Em outras palavras, se o governo respeitar o atual teto (evitar forte expansão real do gasto público) e não fizer uso de excessos fiscais junto aos bancos públicos, como ocorria antes de 2016, usufruirá plenamente dos benefícios das reformas aprovadas nos últimos seis anos. Por conseguinte, a maior eficiência da política monetária e a maior credibilidade do Banco Central (BC) levarão a um impacto muito maior da Selic sobre o nível e a velocidade de convergência da inflação para a meta, implicando, de maneira mais rápida, Selic menor ao longo do tempo.

O presidente do BC em seu último evento aberto discutiu os dois tipos de erro ao qual está sujeito. O primeiro é optar por uma taxa de juros mais baixa, com risco de a inflação ficar acima da meta. Já o segundo é optar por taxa mais alta, com risco de uma inflação mais baixa. Ao saber que a maior contribuição de um BC para o sistema econômico é assegurar a estabilidade de preços, infere-se que, se o BC considerar a ancoragem das expectativas de inflação e a memória inflacionaria brasileira, estará mais propenso a errar para obter inflação menor.

De fato, dadas as premissas acima na condução da política fiscal, se o objetivo do BC é transmitir uma mensagem de taxa de juros alta por mais tempo e ancorar as expectativas, principalmente as relacionadas à inflação implícita, deverá misturar ingredientes hawkish (preocupados) com dovish (menos preocupado) no próximo comunicado, a fim de conseguir afunilar as expectativas para uma desaceleração do ritmo de alta na reunião de março.

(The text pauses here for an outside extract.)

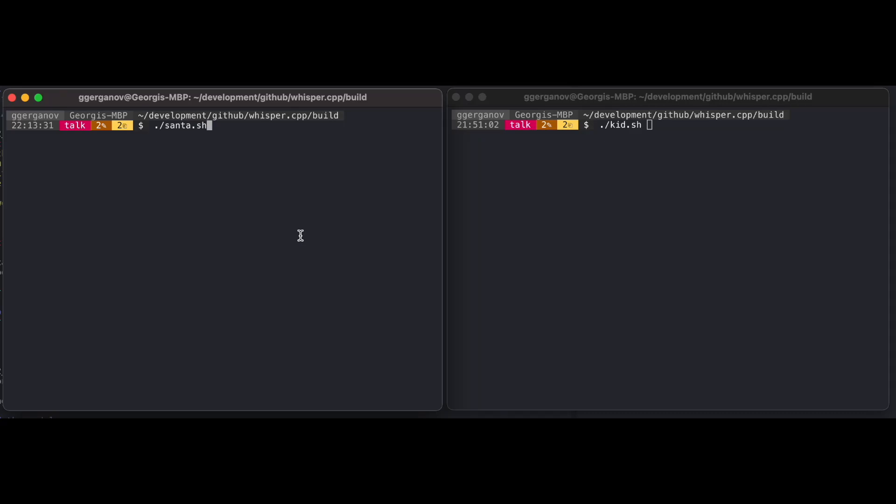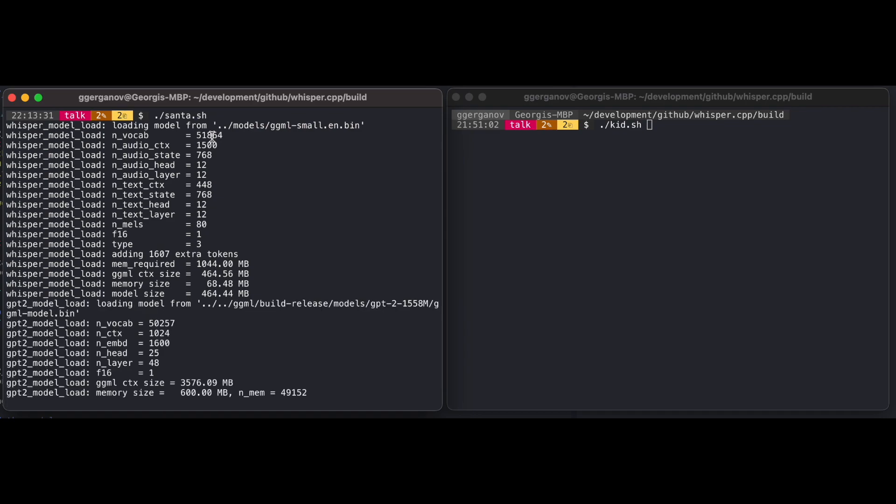All right, so here's another quick demo of using GPT and Whisper to create a voice chat. This time it's running in the terminal. Here on the left I have GPT prompted to speak as Santa Claus. So let's give it a try.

Nesse sentido, essa mistura dos ingredientes passaria por deixar a comunicação mais aberta ao mesmo tempo que demonstre perseverar em uma estratégia mais ativa, preocupada com as expectativas e dependente tanto dos ruídos e decisões relativas à política fiscal quanto do cenário externo. Esta prudência muito provavelmente induzirá as expectativas para uma alta de magnitude mais modesta, próxima de 100bps, em março.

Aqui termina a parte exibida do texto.